Output from show ip route Command on Router R1
Notice how routes learned via EIGRP are shown with a D in the left column. This D code indicates a route learned via EIGRP. These routes include 10.1.1.8 /30, 198.51.100.0 /24, and 203.0.113.0 /24. Also note the highlighted 90 in each EIGRP-learned route. The 90 is EIGRP’s administrative distance (that is, it’s believability as compared to other routing sources), where lower administrative distance values are preferred over higher values.

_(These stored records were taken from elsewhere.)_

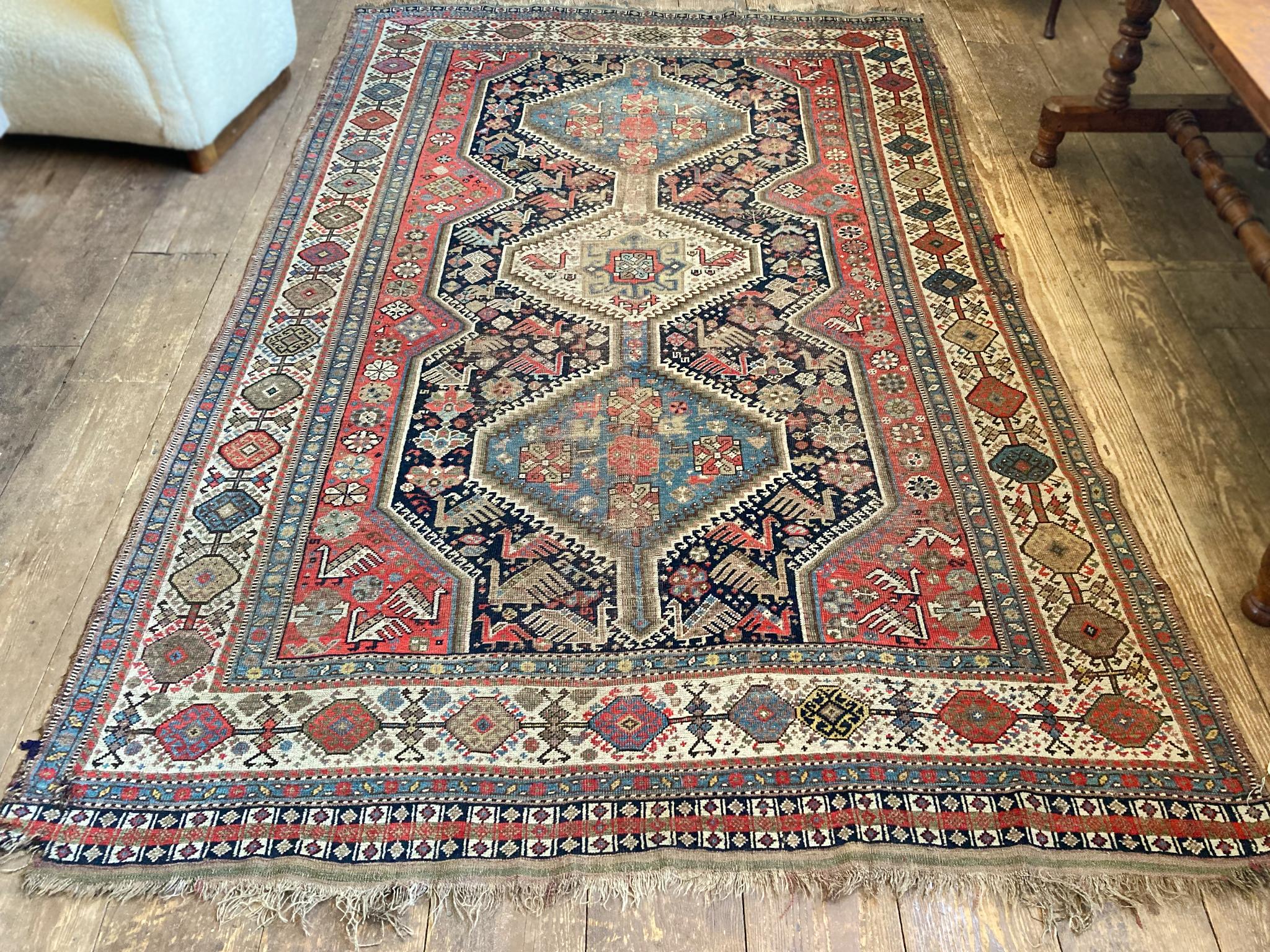 Shiraz rug hand-woven in the first quarter of the 20th Century. The design features three central medallions surrounded by flowers and peacocks and a series of borders with geometric patterns, all in a rich palette of blue, yellow, red, and ivory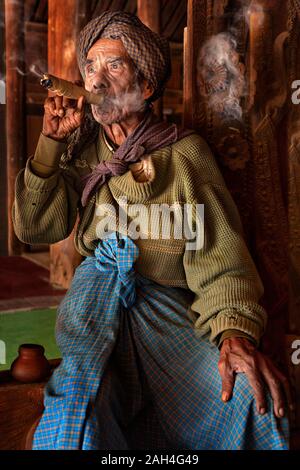 Uomo anziano fumatori di sigaro locale noto come cheroot, in Bagan, Myanmar Foto Stock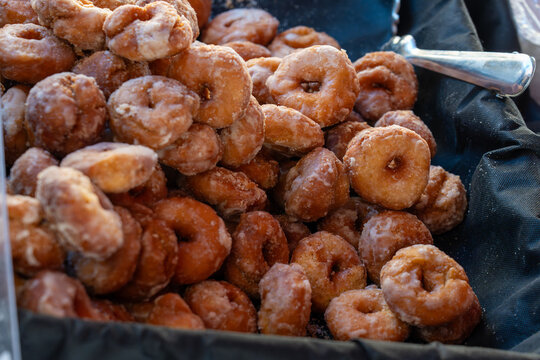 A large basket filled with warm, golden-brown mini donuts covered in a sweet, glistening sugar glaze.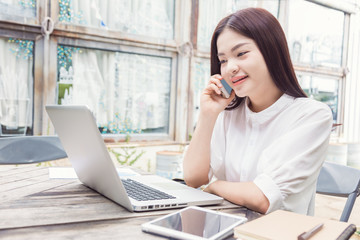young happy casual asian woman using technology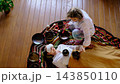 From above, a client lies under a blanket as a therapist leads a sound healing session with metal bowls and soft mallets. The image connects to burnout recovery, self care, and alternative wellness. 143850110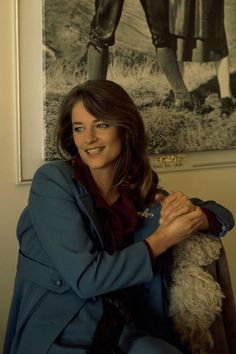 a woman sitting on a chair holding a dog in front of a horse photo hanging on the wall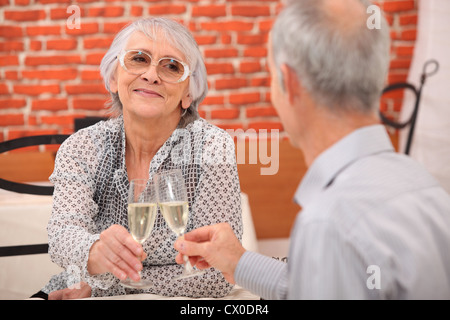 älteres Ehepaar im Restaurant Toasten Stockfoto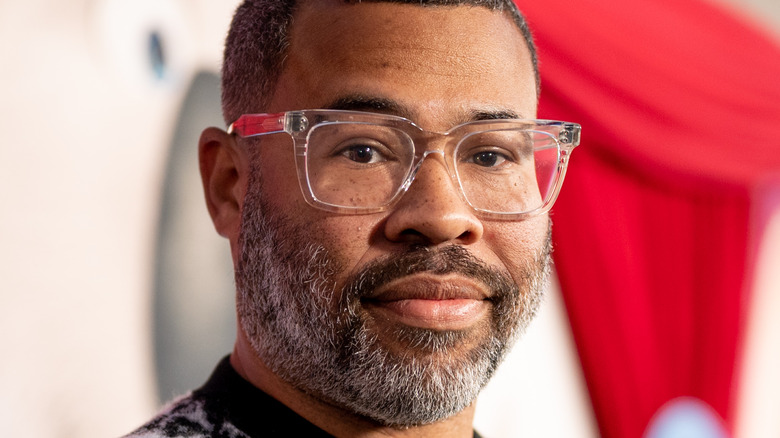 Jordan Peele smirking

Output from show ip protocols Command on Router R1
Output from the show ip protocols command on a router speaking EIGRP, as seen above, offers us several data points. For example, under the Routing for Networks: section, you see a list of networks specified by the network command under EIGRP configuration mode. Under the Routing Information Sources: section, you can determine the IP addresses of EIGRP neighbors, which are 10.1.1.2 (that is, router R2) and 10.1.1.6 (that is, router R3) in our topology. Also under that section, you can see the Administrative Distance (AD) for our neighbors. Since those neighbors are EIGRP-speaking routers, they have the default EIGRP AD of 90. Finally, notice the Metric weight K1=1, K2=0, K3=1, K4=0, K5=0 portion of the output. In an upcoming blog post, we’ll learn how EIGRP calculates its metric and how that calculation involves K-values. When we discuss those K-values, please keep in mind you can view a router’s K-values in the output of the show ip protocols command.
Output from show ip eigrp interfaces Command on Router R1
The output of the show ip eigrp interfaces, seen above, indicates that router R1’s Gig 0/1, Gig 0/2, and Gig 0/3 are participating in an EIGRP routing process. Specifically, the process is for EIGRP AS 1. Also notice that an EIGRP neighborship has been established with another router connected off of router R1’s Gig 0/1 interface, and another off of interface Gig 0/2. These neighborship establishments are evidence by having a number greater than 0 in the Peers column. Since router R1’s Gig 0/3 interface did not form a neighborship with any other EIGRP-speaking routers, there is 0 in its Peers column.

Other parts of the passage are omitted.